Editoriale di Francesco Marino
Si chiama Cloud, alcuni (non si sa bene per quale motivo) la chiamano “la cloud” attribuendo alla parola inglese il femminile della traduzione italiana. Ma a parte i virtuosismi linguistici tricolori rimane da chiedersi perché questa tecnologia si chiami Cloud, ovvero nuvola.
All’origine, ovviamente c’è un nerd. Quando si disegnavano le reti l’obiettivo degli ingegneri era quello di tracciare uno schema preciso di quali dispositivi fossero collegati nelle rete e in che modo. Solo che a volte il network aziendale si connetteva a reti di altri o ad Internet e il povero ingegnere non sapeva come fossero strutturate quelle reti, allora (nel dubbio) disegnava una nuvoletta che significava sostanzialmente: “qui c’è una rete ma non ho idea di come sia fatta”. Che la tecnologia più ammirata di questi anni prenda il proprio nome e il proprio simbolo dalla sua indeterminatezza, può non essere rassicurante.
Il cloud funziona e non si sa perché, o almeno non si sa esattamente come (questo vuol dire il suo simbolo); ma non è un male. Non sempre è utile avere una conoscenza dettagliata degli strumenti che ci permettono di realizzare i nostri obiettivi, non serve se dobbiamo usarli e non ripararli, modificarli o integrarli. Come semplici utenti meno ne sappiamo e meglio è, a patto che tutto funzioni e che il contratto con i suoi livelli di servizio venga rispettato.
Se invece quella nuvola la vogliamo creare noi o la vogliamo realizzare per altri le cose cambiano.
Si scopre che la leggerezza del Cloud (per gli utilizzatori) è possibile grazie al metallo pesante dei server e delle connessioni che le danno vita.
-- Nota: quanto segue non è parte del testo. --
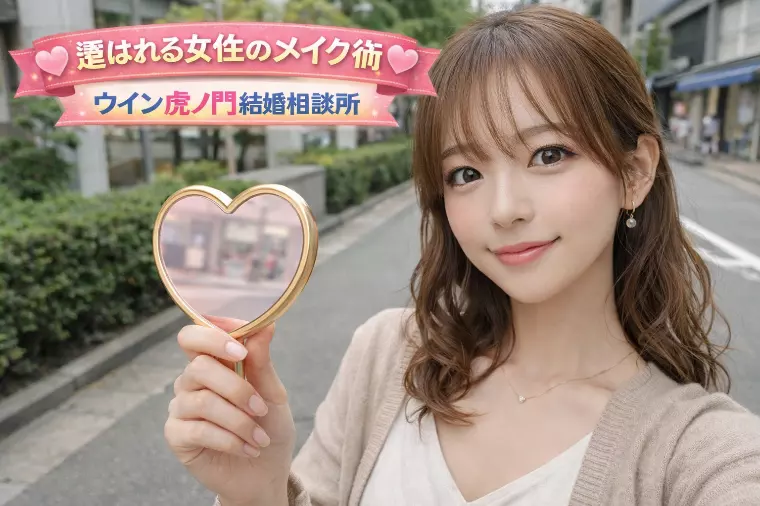 💗選ばれる女性のメイク術💗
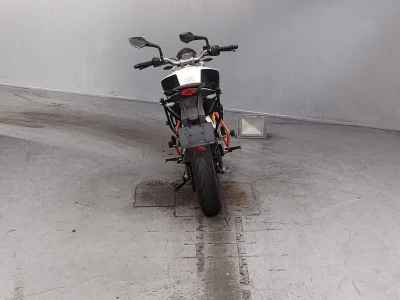 KTM 390 Duke 2014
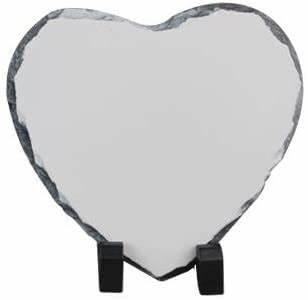 Personalised Photo Rock Slate -Custom Gift Idea For couple, Wedding gift, Anniversary, Birthday, mothers day gift, Valentines day gift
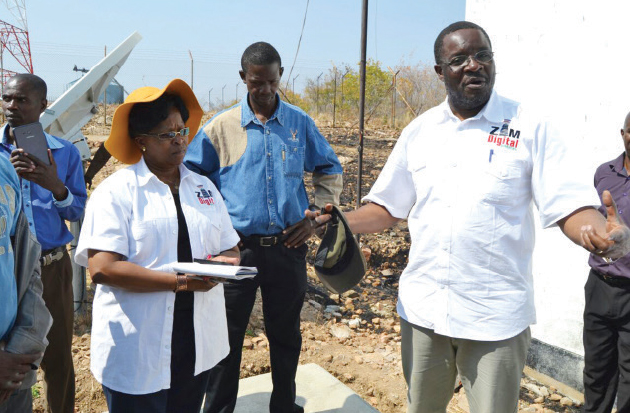 Digitalisation to create job opportunities: Charamba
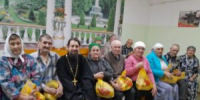 Служение ближним - Глазовская Епархия
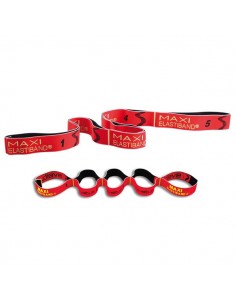 Maxi Banda Elástica Sveltus Elastiband 0114 10kg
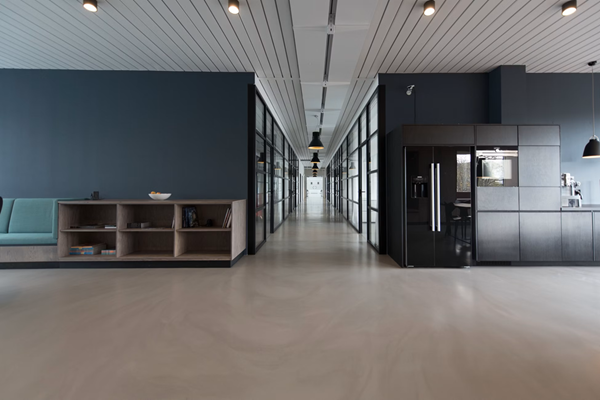 Serviced Offices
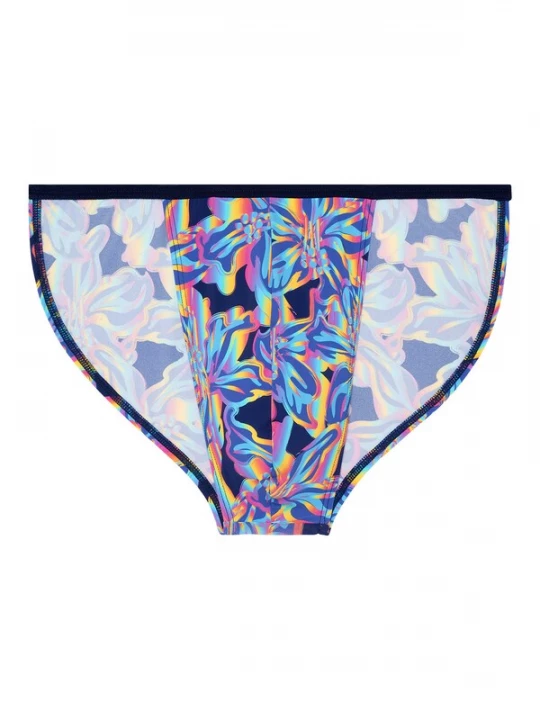 Foto van product HOM Slip ' Funky Styles ' navy / gemengde kleuren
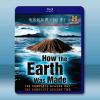 地球的起源 第1+2季 How the Earth Was Made Season 1-2（2009）藍光25G 4碟
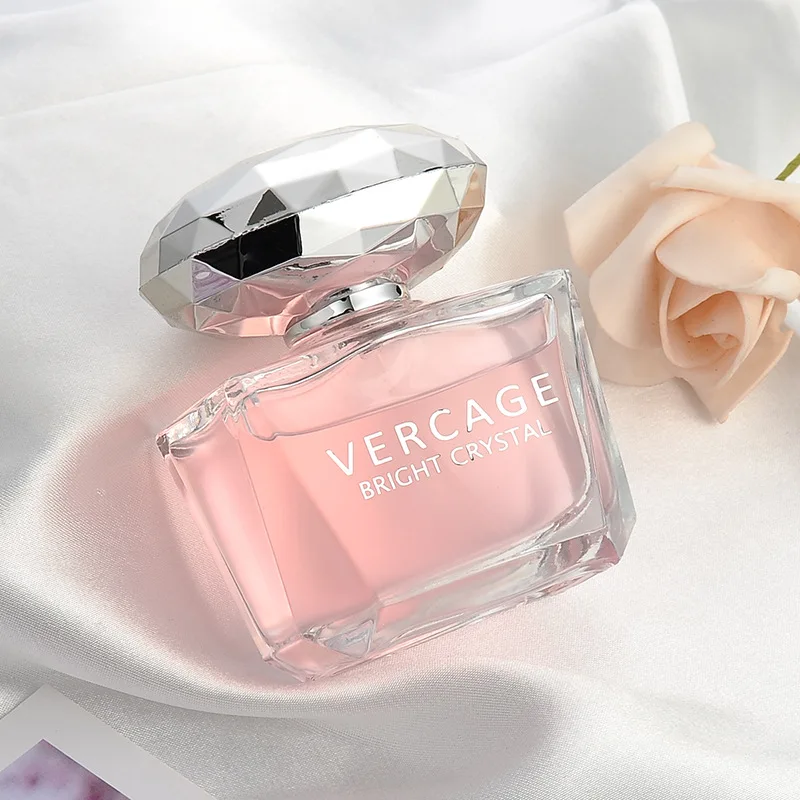 Elegant Fragrance Natural Long Lasting Parfum Original Women Perfume Original 50ml
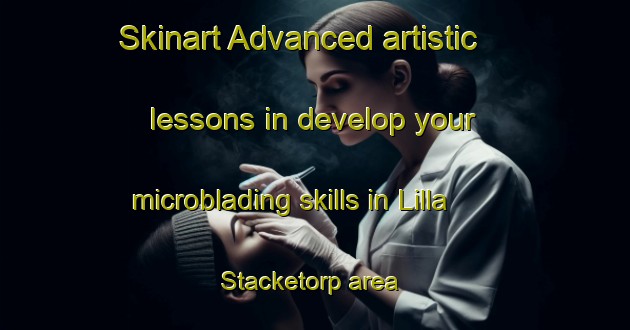 Skinart Advanced artistic lessons in develop your microblading skills in Lilla Stacketorp area | MicrobladingTraining | MicrobladingClasses | SkinartTraining-Sweden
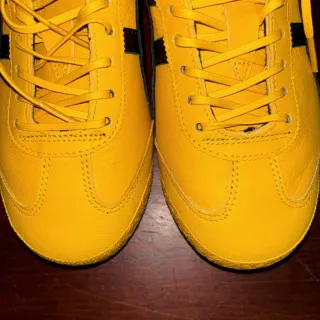 ASICS Onitsuka Tiger Zapatillas Amarillas Talla 43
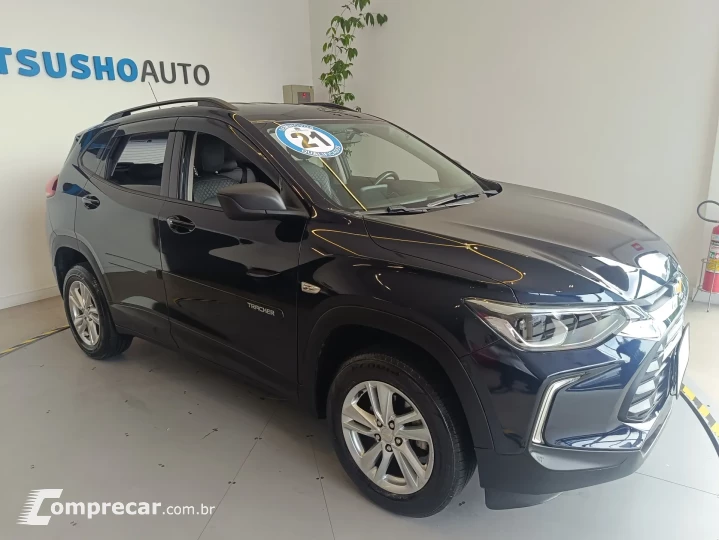 TRACKER 1.0 TURBO AUTOMÁTICO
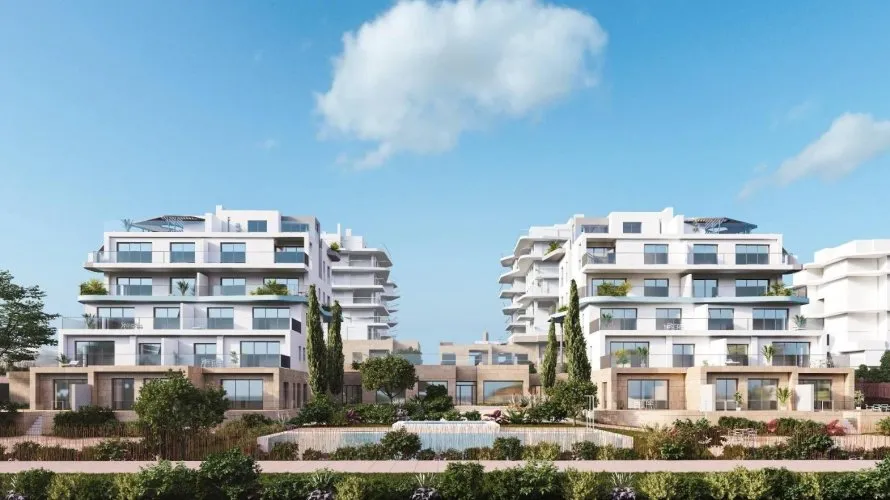 2 bedrooms apartment for sale, Villajoyosa, Spain No. 1427 № 9
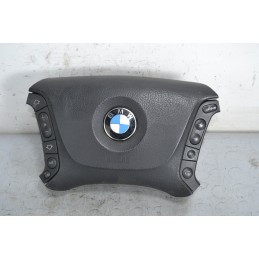 Airbag Volante BMW Serie 5 E39 dal 1995 al 2003 Cod 33675374301  1643293623496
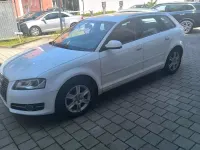 Gebraucht Audi A3 105 PS (77 kW) 2013 Weiß Limousine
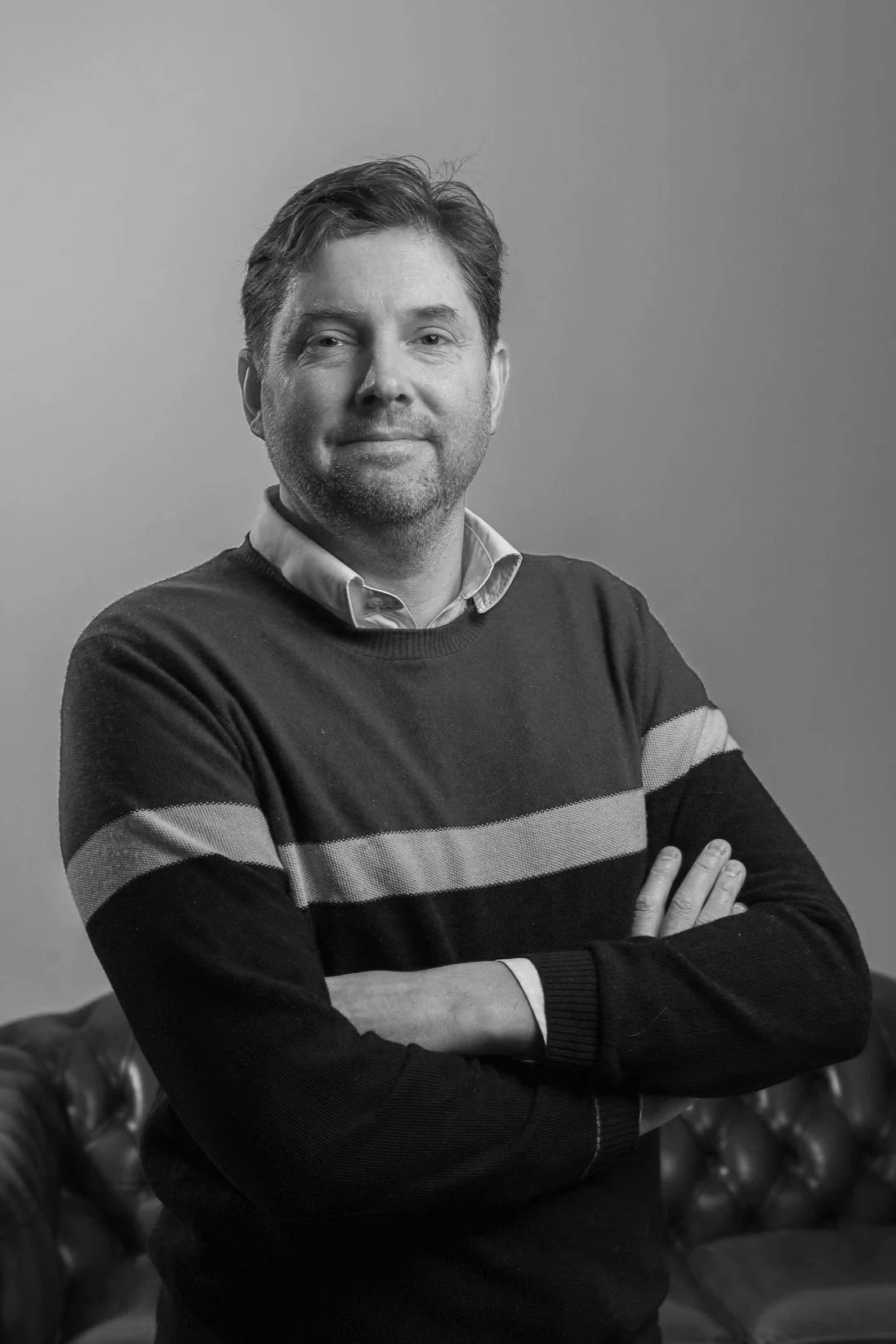 Joris de Haas from Nieuw Amsterdams Huys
Potete ammirare uno dei datacenter di Google in questo numero (giusto per averne un’idea) che non è neanche tra i più grandi al mondo.
Indubbiamente il cloud libera le idee perché d auna parte consente a chi lo utilizza di concentrarsi sulla propria attività principale e a chi lo propone consente di inventare nuovi servizi, praticamente senza limiti.